> [SUPPLIED INFORMATION]
———

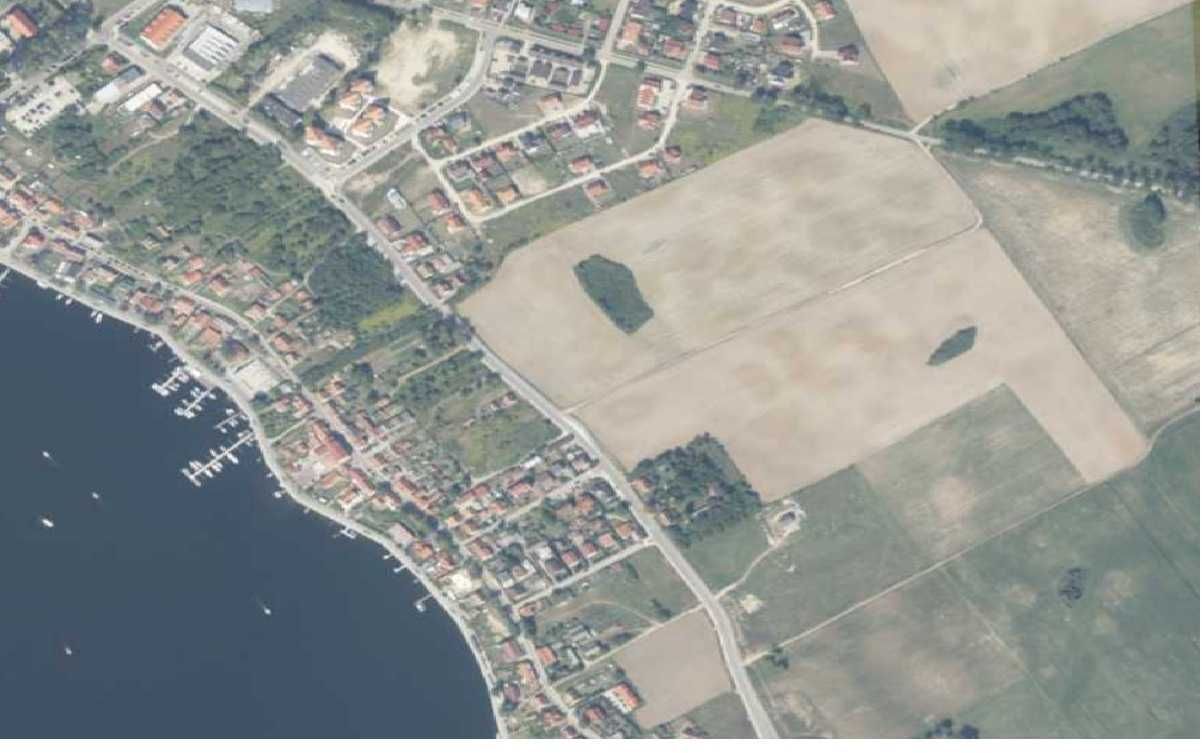 Działka inwestycyjna Mikołajki, ul. Dybowska. Zdjęcie 1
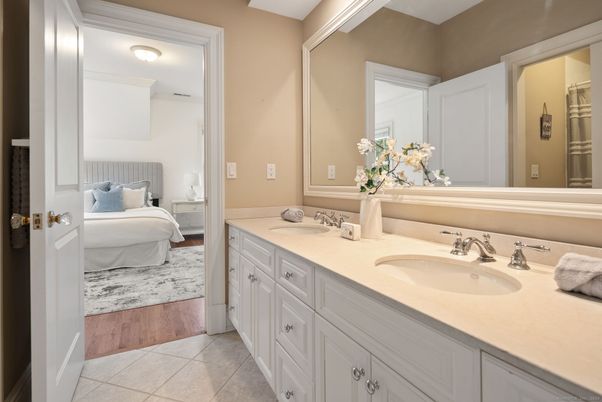 Bathroom, Bedroom, Dual Sink Vanities, Interior, Wood Texture Flooring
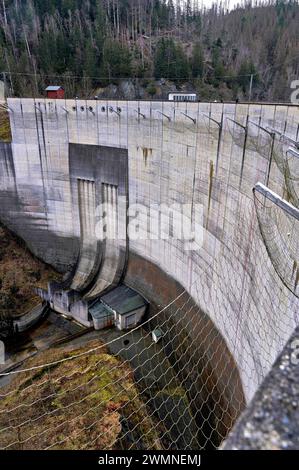 Die Okertalsperre ist eine Talsperre BEI Altenau im Harz im Niedersächsischen Landkreis Goslar. IHR von der Oker durchflossener Stausee, auch Okerstausee genannt, Hat BEI Stauziel 2,25 Quadratkilomètre Wasseroberfläche und einen Speicherraum von 46,85 Millionen Kubikmeter Wasser. Die Staumauer ist 260 Meter lang und bis zu 75 Meter hoch. Altenau, 25.02.2024 *** le barrage d'Oker est un réservoir près d'Altenau dans les montagnes du Harz dans le district de Goslar en basse-Saxe. Son réservoir, traversé par la rivière Oker, également connu sous le nom de réservoir Oker, a une surface d'eau de 2,25 kilomes carrés Banque D'Images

———

Everything in the data except the pictures must be transcribed exactly.

 Działka inwestycyjna Mikołajki, ul. Dybowska. Zdjęcie 1
 Bathroom, Bedroom, Dual Sink Vanities, Interior, Wood Texture Flooring
 Die Okertalsperre ist eine Talsperre BEI Altenau im Harz im Niedersächsischen Landkreis Goslar. IHR von der Oker durchflossener Stausee, auch Okerstausee genannt, Hat BEI Stauziel 2,25 Quadratkilomètre Wasseroberfläche und einen Speicherraum von 46,85 Millionen Kubikmeter Wasser. Die Staumauer ist 260 Meter lang und bis zu 75 Meter hoch. Altenau, 25.02.2024 *** le barrage d'Oker est un réservoir près d'Altenau dans les montagnes du Harz dans le district de Goslar en basse-Saxe. Son réservoir, traversé par la rivière Oker, également connu sous le nom de réservoir Oker, a une surface d'eau de 2,25 kilomes carrés Banque D'Images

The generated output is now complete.